__DIRECTIONS__.
Task for the records below: copy exactly from the first line on, stopping once the line with "Chocolate em Pó Solúvel 50% 200g MAVALÉRIO" is copied, and leave out the pictures.

# # # # # # #

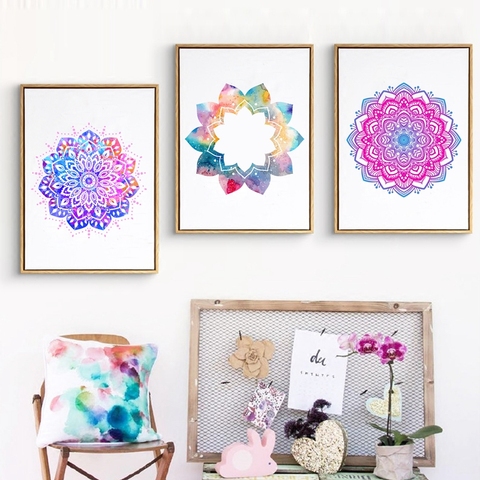 Hermoso adorno de Mandala Yoga impresiones artísticas para colgar en pared, Yoga cuadros de pared decoración del hogar Vintage pintura decorativa en lienzo ► Foto 1/6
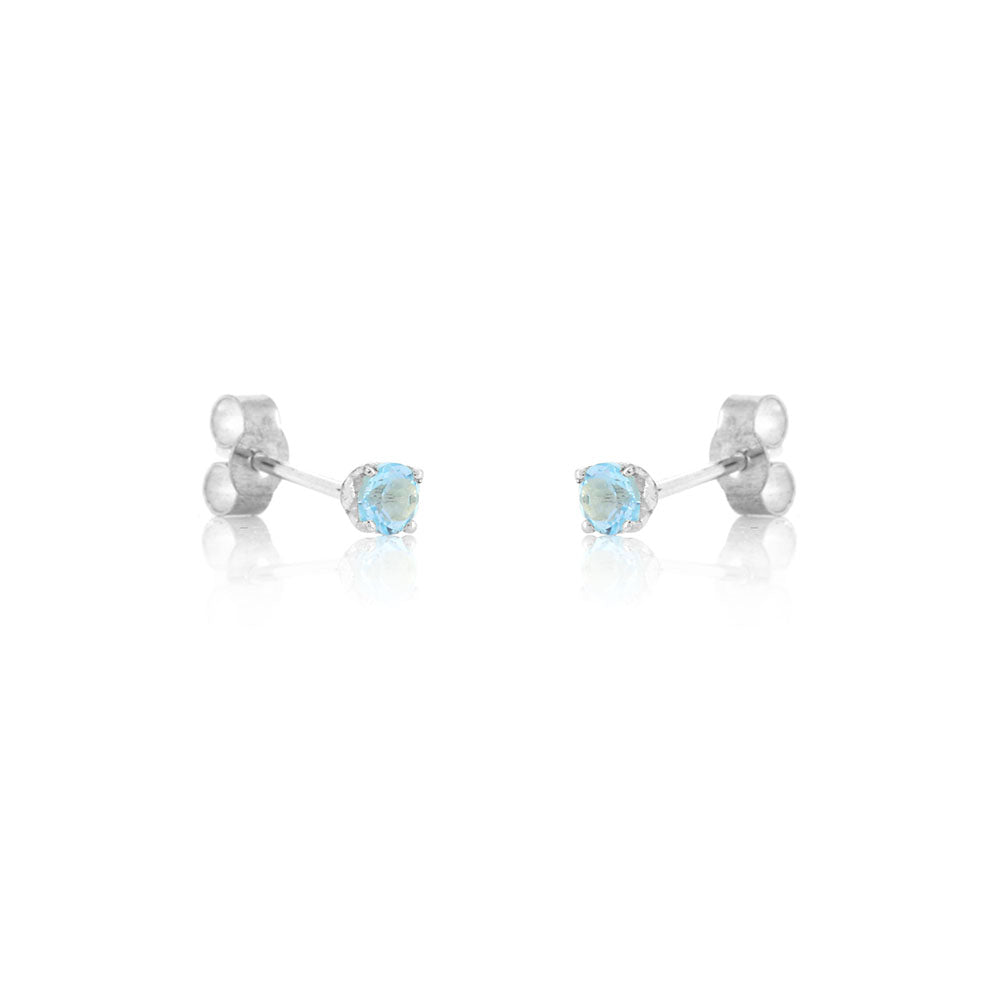 Glade Swiss Blue Topaz 3mm Stud Earrings - Sterling Silver Stud Earrings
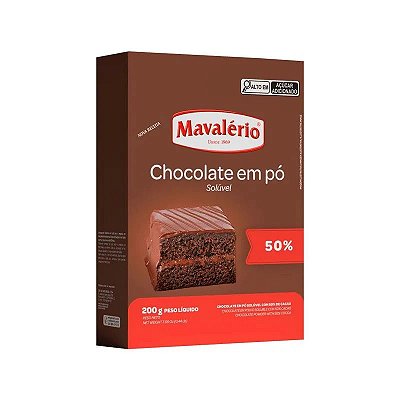 Chocolate em Pó Solúvel 50% 200g MAVALÉRIO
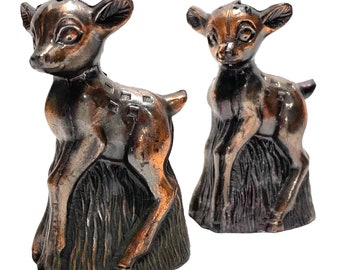 Vintage 1950s Copper Baby Deer Salt and Pepper Shakers Fawn Metal Bambi Woodland Rustic Mid-Century Collectible Home Decor Gift Idea Rare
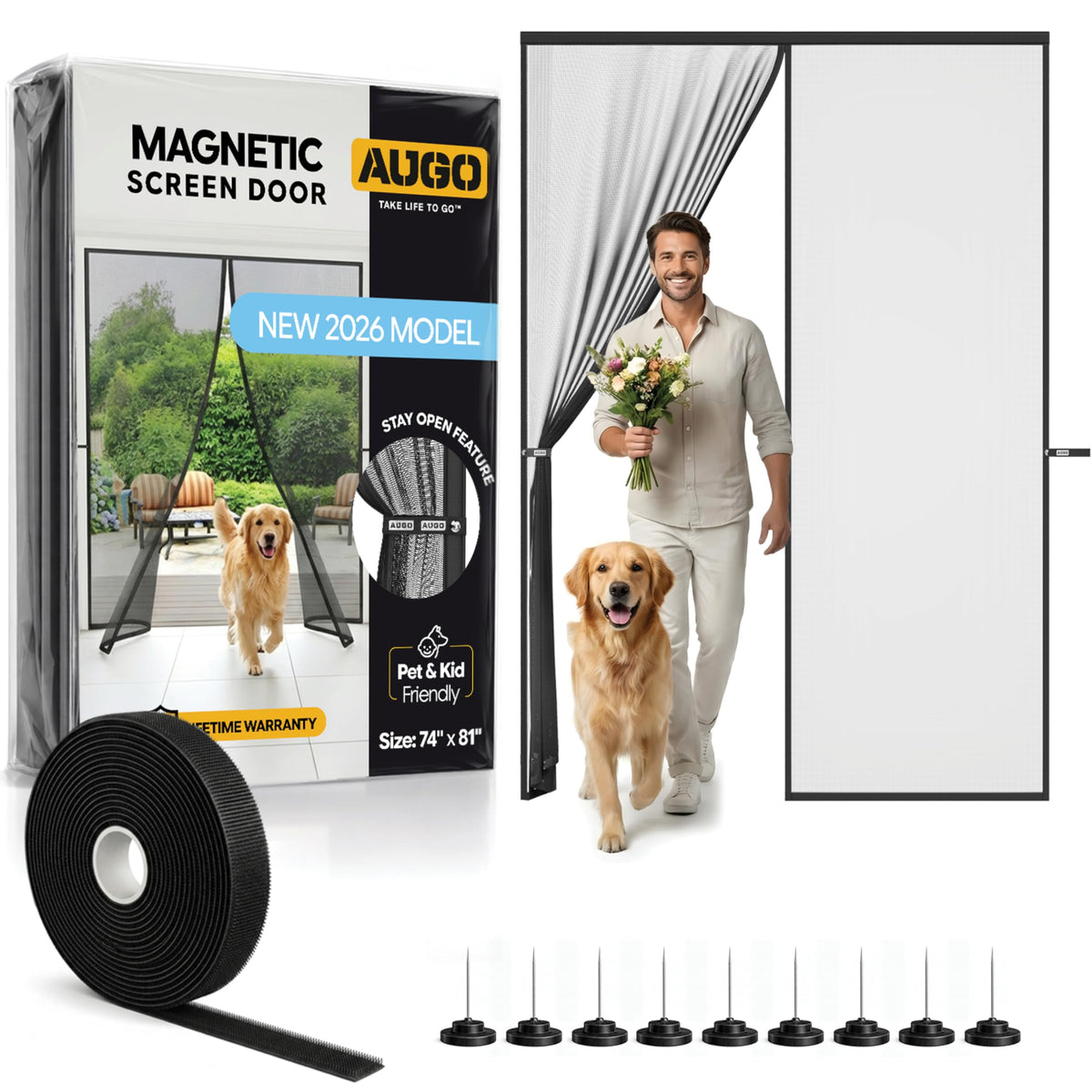 AUGO Magnetic Screen Door Mesh, Heavy Duty 38x83 Inch, Fits 36x82 Inch Door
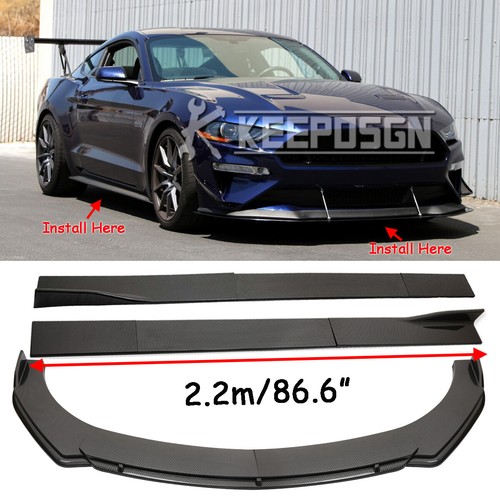 Carbon look front bumper lip - front,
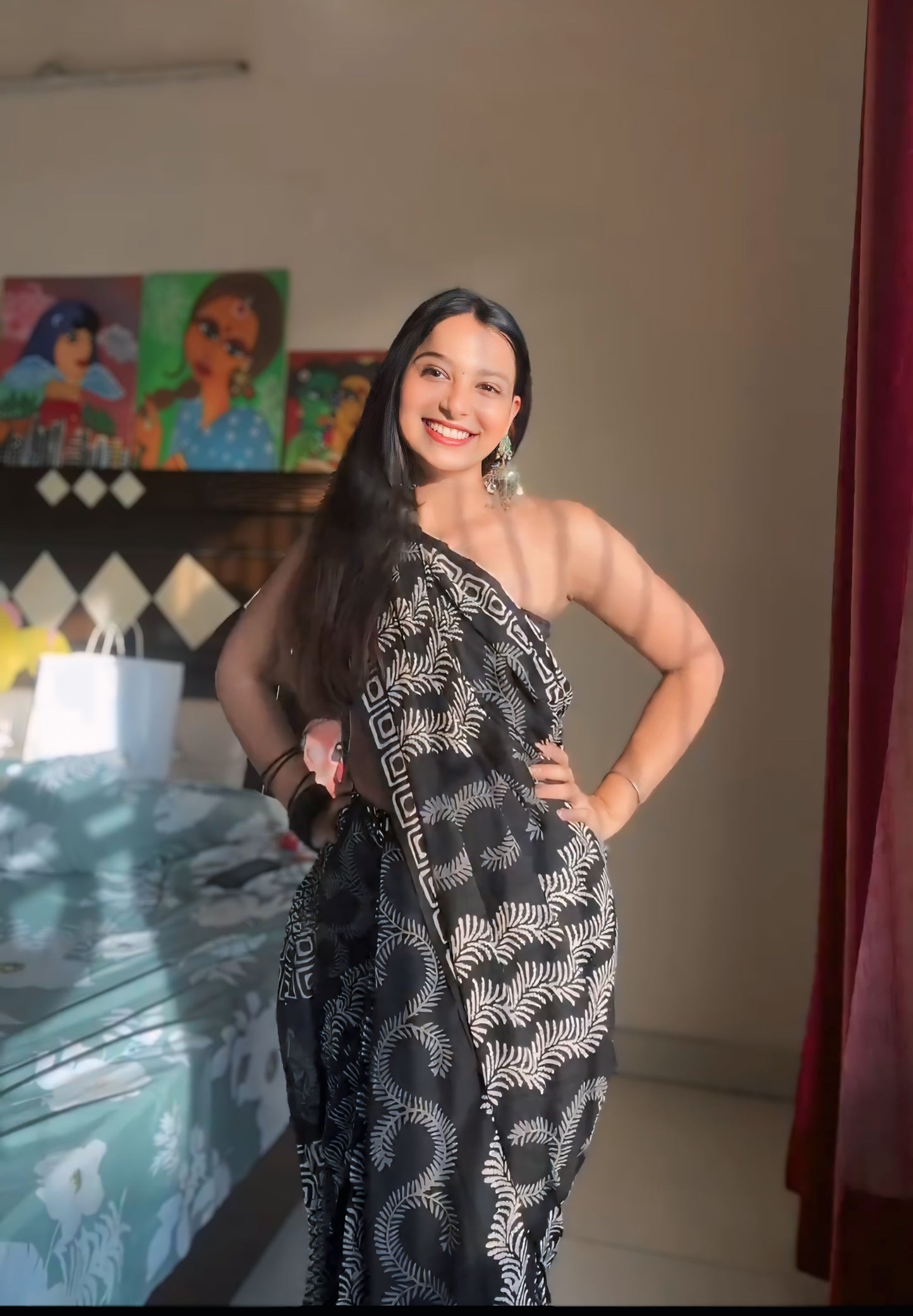 Vibrant Black-Color Cotton Saree for Instant Grace and Style in One Minute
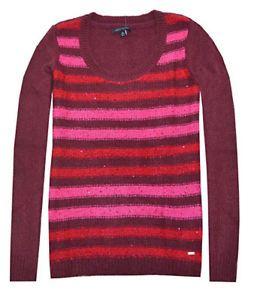 Burgundy with Red Stripe Logo - Tommy Hilfiger Women Sequin Stripe Logo Sweater (Burgundy/red/pink ...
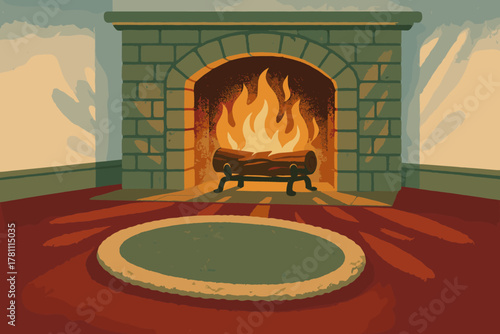 Characters text ambient no cranberry letters textures vector retro fireplace cozy icon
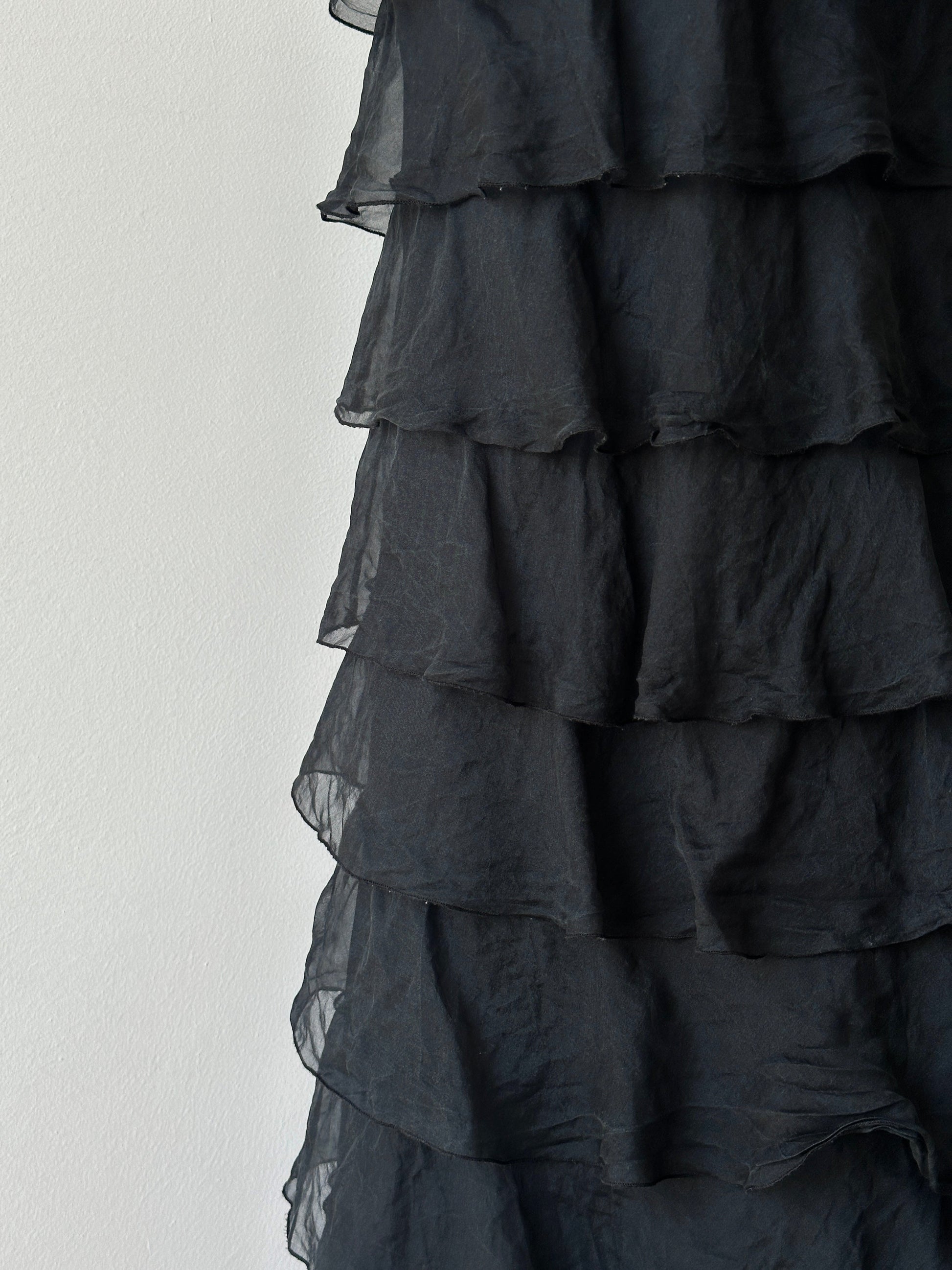 Vintage 2000s Pure Silk Tiered Ruffle Slip Dress - M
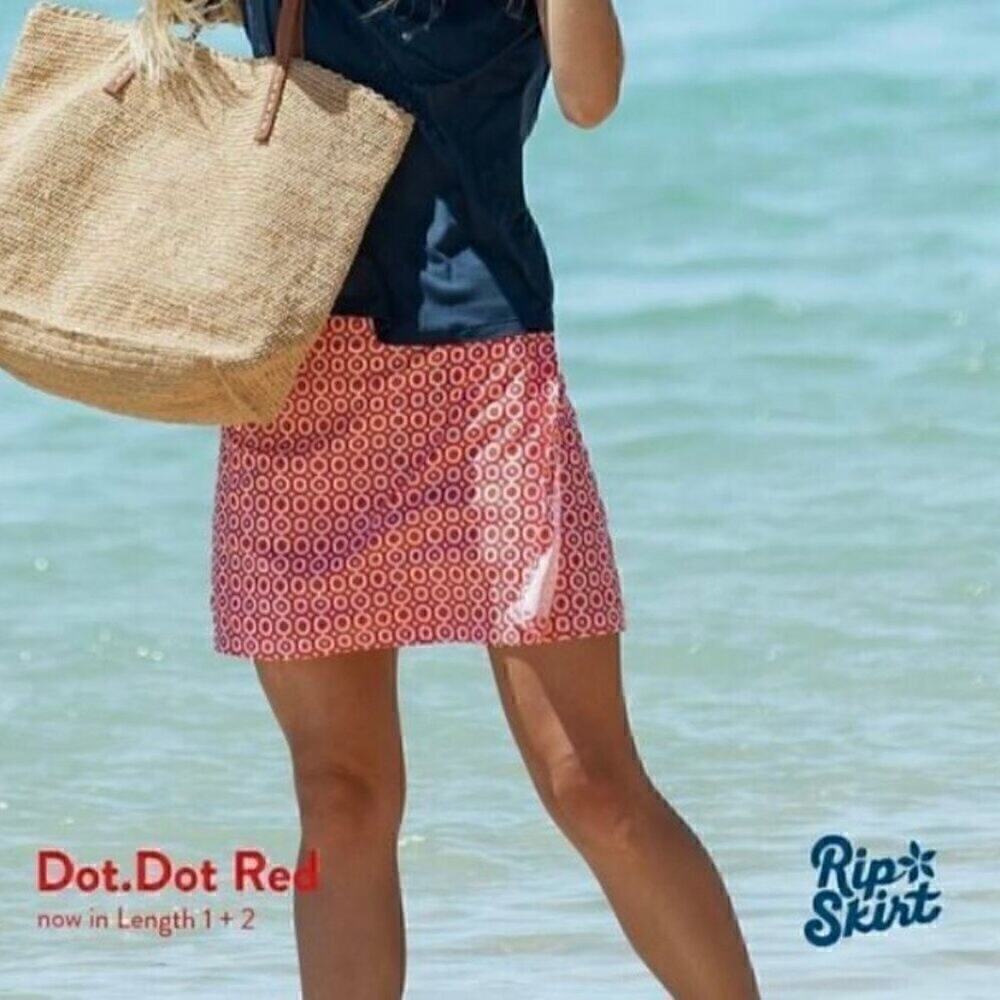 Ripskirt Hawaii Red&White Circle Print Mini Skirt Sz.S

# # # # # # #

__ANSWER SPACE__.
 Hermoso adorno de Mandala Yoga impresiones artísticas para colgar en pared, Yoga cuadros de pared decoración del hogar Vintage pintura decorativa en lienzo ► Foto 1/6
 Glade Swiss Blue Topaz 3mm Stud Earrings - Sterling Silver Stud Earrings
 Chocolate em Pó Solúvel 50% 200g MAVALÉRIO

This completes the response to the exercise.